Rem’s World: Sherlock Holmes and eDiscovery?

Remu Ogaki, Esq., Senior Project Manager, The CJK Group

Litigation has some surprising similarities to a Sherlock Holmes novel. It’s not enough for Holmes to point a finger at Mr. X and say, you’re the murderer. Holmes must build an argument, step by step, by laying evidence to support each and every point he wants to make.

Mr. X was in the room, because of A, B, C.

Mr. X had the murder weapon because of D, E, F.

Mr. X had the motive to kill because of G, H, I.

Issue tags in eDiscovery basically help a litigator accomplish the Holmes role in a complex case.

Issue tags are electronic markers applied to a document to indicate for later use what legal issues such document relates to. This can be useful, because with a click of a button, an attorney can pull up all the financial documents that were in the data set, for example.

However, this information that the litigator wants can be at tension with another important factor: review speed, and by extension, review cost.

Pace refers to the documents per minute by which an eDiscovery contract worker reviews documents.

Since it is standard industry practice to conduct eDiscovery billed by the hour, for any given number of documents, the faster the reviewers are able to move through the documents, the lower the discovery costs in litigation. I’m putting aside, for now, the other model of doc review, which pricing review “per doc.” The per doc model will be explored on another installment of “Rem’s World.”

The Tradeoff

There is a tradeoff between “Information” and “pace.” The greater the number of issue tags and factual matters the reviewers are instructed to seek out and categorize, the slower the review will proceed.

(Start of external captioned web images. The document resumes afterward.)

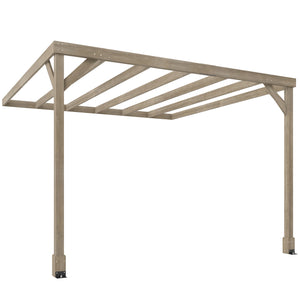 3 x 3 m Lean-To Wooden Pergola Kit, Decorative Garden Gazebo with Stable Structure and Concrete Anchors, Grape Trellis for Climbing Vines, Flowers, Garden Patio, Light Brown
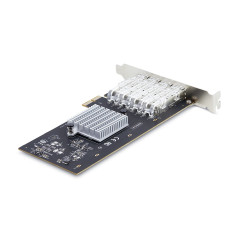 StarTech.com Scheda di rete SFP GbE a 4 porte, PCIe 2.0 x2 (compatibile x4, x8, x16), Controller Intel I350-AM4 4x 1GbE,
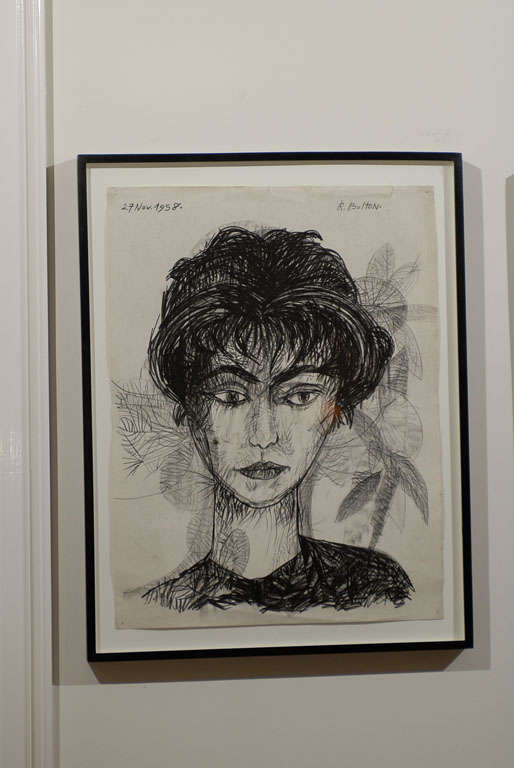 Collection of unusual and stunning female portraits from 1959-1962 by Chicago artist Robert Bolton. Charcoal and pencil. In modern style. Individually priced at $2,200 or the set for $10,000.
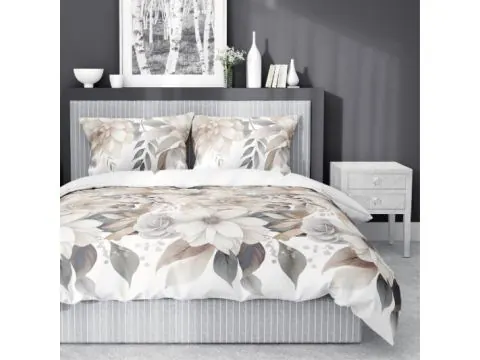 Pościel z bawełny 160x200 +2/70x80 kwiaty wz.4851 a detexpol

I’ve personally seen instructions that request reviewers categorize documents into as many as 22 different types of issues. In practical terms, simply scrolling through 22 different issue items looking for the one you need for a particular document can be time consuming.

However, the biggest problem is the sheer number of criteria both to memorize, and to attempt to apply to each document. When there are 22 different possible ways a document can receive an issue tag, the complexity of analysis that must be applied to each and every document can be staggering.

Ideally, a reviewer is able to go through 40 or more documents an hour. This means, a reviewer can spend roughly 90 seconds reading through an email and making a determination on how it should be categorized, then applying that categorization through a series of clicks.

Consider how practical it is to expect someone to repeatedly and rapidly apply a 22-prong test to a document in 90 seconds over and over for hours.

Furthermore, there is an unfortunate but common misunderstanding that the “Number of clicks” a reviewer must undertake to finish coding a document determines the amount of time it takes to review a document. For example, if a reviewer must click 6-7 issue tags to responsive documents before moving to the next document, this indeed can add 5-10 seconds to the review process.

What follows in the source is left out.